Bob Rader, executive director of the Connecticut Association of Boards of Education, said that if the state doesn’t have a budget by the time the kids go back to school, then the kids are the ones who are going to lose.
But what the state decides in the end could be worse than they are seeing at the moment.
“That’s the challenge,” Wallingford Superintendent Sal Menzo said. “That uncertainty.”
He said in Wallingford they do have a budget, but they are trying their hardest to keep the cuts out of the classroom. He said his colleagues in districts that will receive no state funding are concerned about the choices they will have to make.
Wallingford would receive a $19 million reduction in funding under the plan Malloy unveiled Friday.
Menzo said if the governor’s budget becomes reality then he would expect his town officials to come to them and say they need to make adjustments. Layoffs could be part of that.
Senate President Martin Looney, D-New Haven, said while they appreciate the governor’s desire to hold the neediest municipalities harmless, the “proposed cuts would have a devastating effect on many school districts across Connecticut.”
He said they’ve been working on a plan to spare school districts from the vast majority of these cuts.
House Speaker Joe Aresimowicz, D-Berlin, agreed.
He said they are continuing to work with superintendents, teachers, and school administrators to finalize a budget agreement “as quickly as possible to provide stability to our municipalities and school systems.”
Senate Republican President Len Fasano, R-North Haven, alleged that some of what Malloy is trying to do is “illegal” because there are changes that require legislative approval.
Fasano said legislative approval is required before reducing the excess cost sharing grant for special education and making the unilateral decision to withhold Municipal Revenue Sharing account funds.
Fasano also said Malloy’s education distribution “exacerbates the very same education funding system deemed unconstitutional by the Connecticut Superior Court.”

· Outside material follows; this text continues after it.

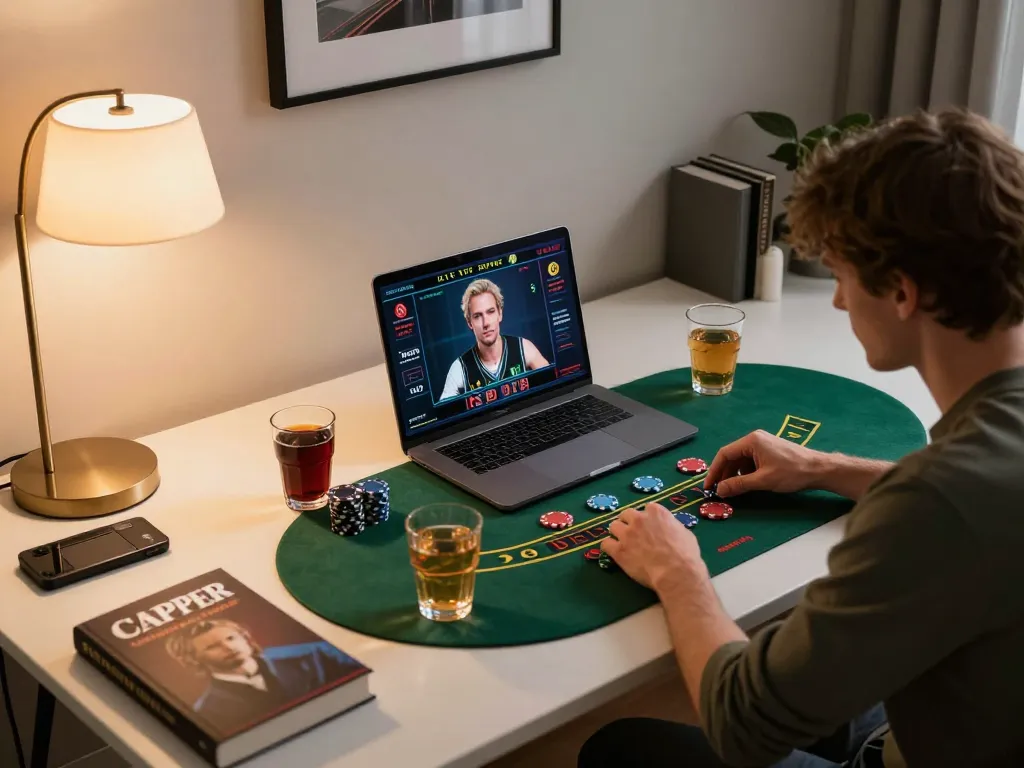 Player strategizing at HIT CLUB online blackjack table with focused gameplay atmosphere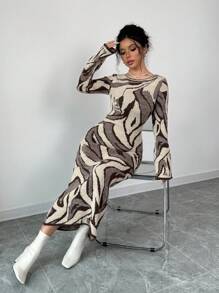 Selianne 女式修身喇叭袖图案针织毛衣连衣裙，秋冬季 - 彩色 - 查看 5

“What the governor is doing, arbitrarily shifting funding to only a few school districts and stripping core funding that children across our state are relying on, is not what the judge ordered — nor is it in the best interest of our students,” Fasano added.
Malloy said if the General Assembly sends him a budget, then this plan won’t go into effect.
“This is reality,” Malloy said. “Reality is hard for some people.”
House Minority Leader Themis Klarides, R-Derby, said if Republicans were in charge of the General Assembly they would have adopted a budget by now.
“We share the Governor’s frustration at not having a budget 50 days into the current fiscal year, but unlike the Democrats, Republicans actually proposed numerous budgets,’’ Klarides said.
Democratic legislative leaders said they are working on getting to a budget agreement and expect to release a document next week.
The plan Malloy announced Friday also restores $40 million in funding for the private, nonprofit community.
The Connecticut Community Nonprofit Alliance thanked the governor for the funds, but warned that the step was temporary.
“While the restored funds will help buffer or delay some of the most devastating impacts of the budget stalemate, it is not a substitute for a biennial budget,” Gian Carl Casa, president & CEO of CT Community Nonprofit Alliance, said. “Nonprofit funding remains $150 million below FY17 levels, putting thousands of programs in jeopardy. Connecticut’s residents are in this together and we all need a budget that fully addresses the state’s budgetary needs including human services and education.”